They returned at a late hour, quite pleased with themselves, and met Mr. Polemis coming down the stairs from their room. He looked grave, but bowed slightly to them as they passed.

Ludbridge was sitting on his bed fully clothed, smoking a cigar. He glanced up at them as they entered.

“All accounted for, I see. No duels fought, eh?”

“No, sir,” said Bell-Fairfax.

“Which is not to say we did not strive mightily,” said Pengrove, striking an objectionable pose. Hobson, grinning, flung himself down on his bed.

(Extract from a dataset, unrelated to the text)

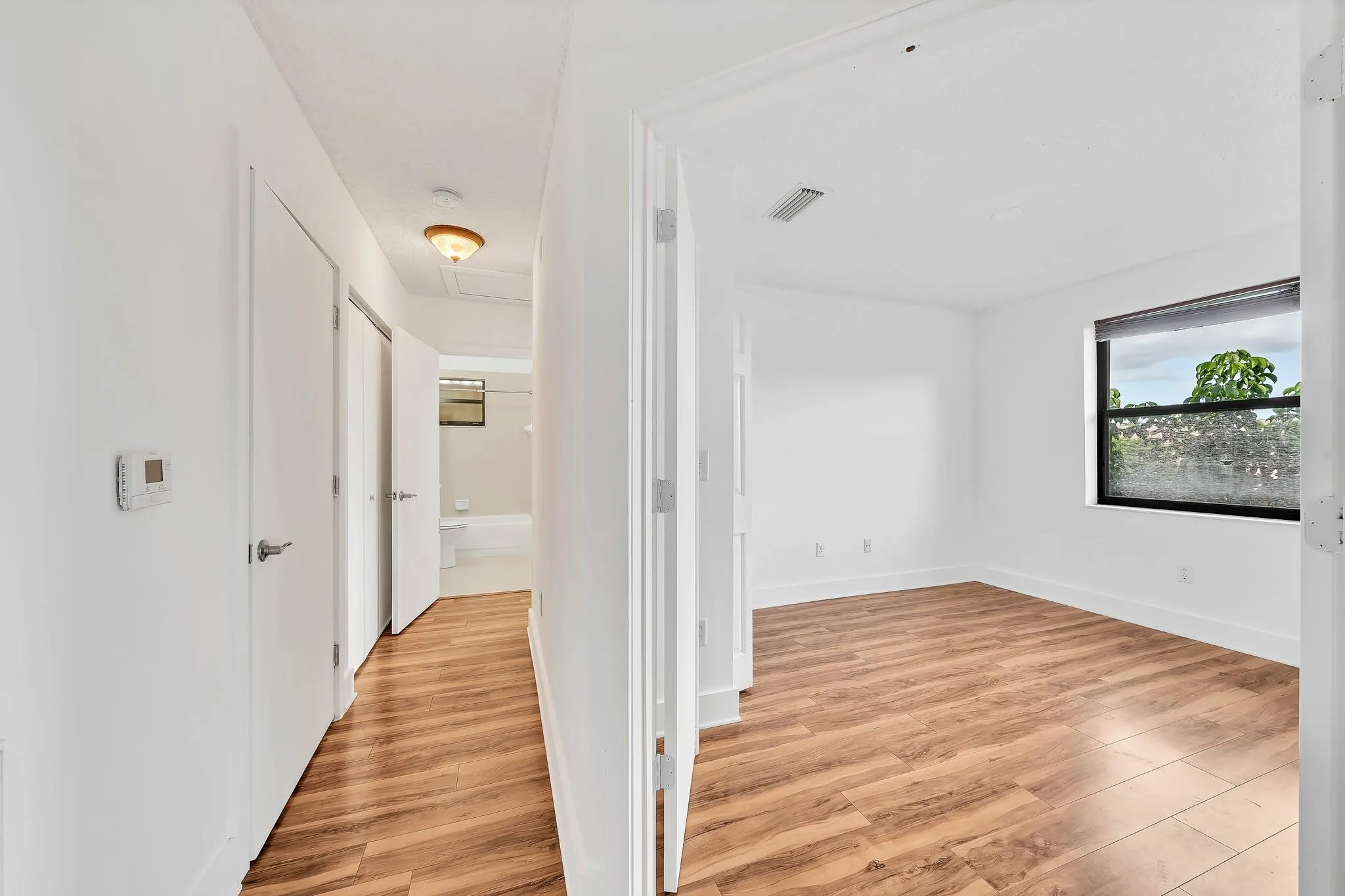 4111 Coral Tree Cir, #324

Ludbridge stubbed out his cigar in a saucer. “Full marks on the report, Hobson. Certain persons are profoundly grateful for the timely warning. Bell-Fairfax, we’ll be obliged to go for a walk tomorrow evening. I’d turn in and get a decent night’s sleep, were I you.”

 

It was past nine the next evening when they set out, walking once again along the Cadde-i Kebir. They stopped in briefly at a bar and had a brandy each. In contrast to the Corsican across the way, the publican who ran this place barely noticed them, so quiet they were and seated so far back in the shadows. They had dressed in dark nondescript clothing and Bell-Fairfax carried Ludbridge’s satchel, which was if anything heavier than it had been when they had gone out in the boat.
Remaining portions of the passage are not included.